The items you listed are practical decisions that can be made using rational decision analysis and data collection... 

You can use numbers and alternatives written down and evaluate your options. 

For example, selling the house is a no brainer if the numbers work out - easy to prove or disprove. 

Skipping a year - generally I'm against major skips but school officials deal with this all the time so again a no brainer decision.

Could it be she makes her mind ahead of time and gets fussy if you don't go along?


----------



## EleGirl (Dec 3, 2011)

I think that JLD and Anon Pink are right on. 

Your wife is not being mean. She's telling you how she feels and you need to listen to what she has to say, just listen.

What she is telling you is that she capitulated to you because, as Anon Pink says, she has shut down points. She just gave up at some point and gave into to the decision that you made. Notice in your last post you said that you made the decision... sounds like a Freudian slip to me. It does not make you bad, it just is.

The two of you need to learn how to really listen to each other and how to negotiate. I think a counselor to address this issue would be wise. 

Your wife needs to learn that she has shut-off points where she just gives up. She needs to learn that if she just shuts-off and gives up, it's on her.

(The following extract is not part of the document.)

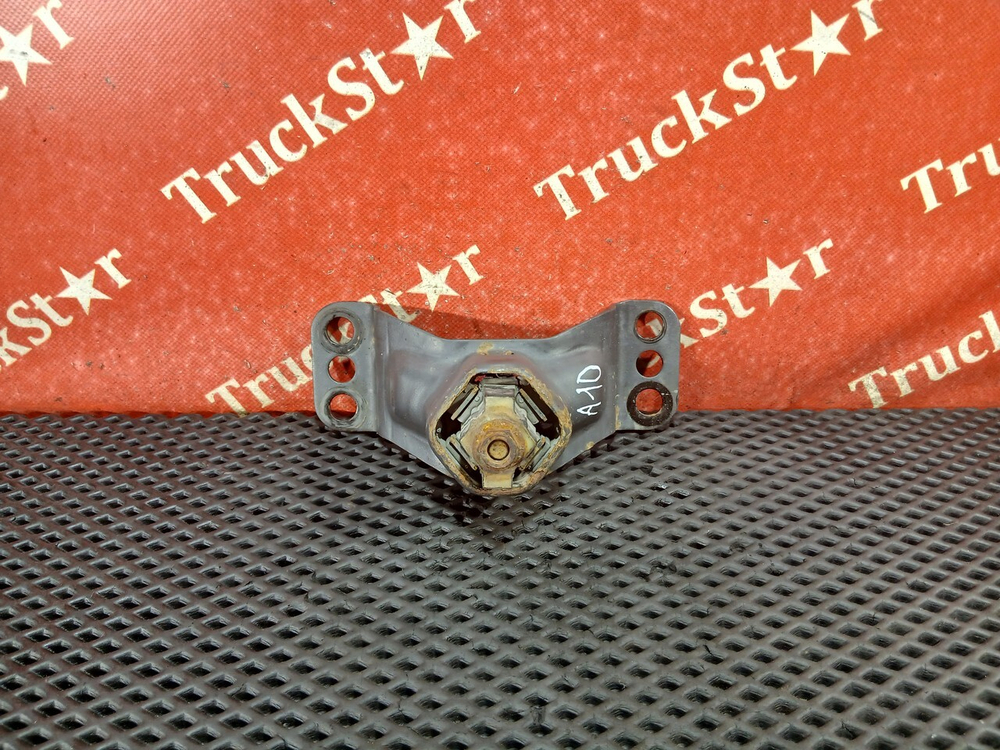 Кронштейн ящика акб 2019г.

And you need to learn to recognize when she's shutting-off and give her room to voice her opinion further.

One way to do all of this is for the two of you to negotiate on paper. Sure you can discuss it. But with paper there's a written record. Then both of you can look back and see what went on and hopefully learn how to not make these mistakes.


----------



## Shoto1984 (Apr 11, 2009)

Or it could be that she is passive aggressive and you're going to be on the receiving end of this as long as you're with her. 

In my case, my ex would never help or participate in any decision or project but was more than happy to critical of everything. If I said, "fine next vacation you make all the plans" then there wouldn't be a vacation because she wouldn't do anything. If I tried to get her to participate on things she would become aggressive and try to fight. There was no way to make her happy and so I stopped trying (which of course became one more thing to blame me for lol.....circular firing squad comes to mind)


----------



## Anon Pink (Jan 17, 2013)

The best way to combat passive aggressive behavior is to ignore it entirely. Why would anyone let passive aggressive griping and complaining affect them in the slightest? The key is to have a stronger sense of yourself so that the annoying buzzing of insects isn't so tiresome.

Do you feel attacked when you 5 year old complains about the vegetables he has to eat? Do you feel slighted when your teenager pouts about not having the newest iPhone? Of course not! You know your decision was the right one so you don't even entertain their griping. Same with passive aggressive complaining. Talk to the hand, you had your chance...


----------



## MarriedDude (Jun 21, 2014)

A leader- in a marriage, IMO, considers the affect of every decision upon each of those he is charged with leading. He must strive for a positive outcome for everyone -keeping the positive momentum is critical. The outcome won't always be to everyone's liking...but through consistent leadership, they will know that they were heard and considered. There is no responsibility without accountability. The leader is responsible for the outcome...always. Good or Bad. It must be accepted because he will (and should) be accountable for failures affects. 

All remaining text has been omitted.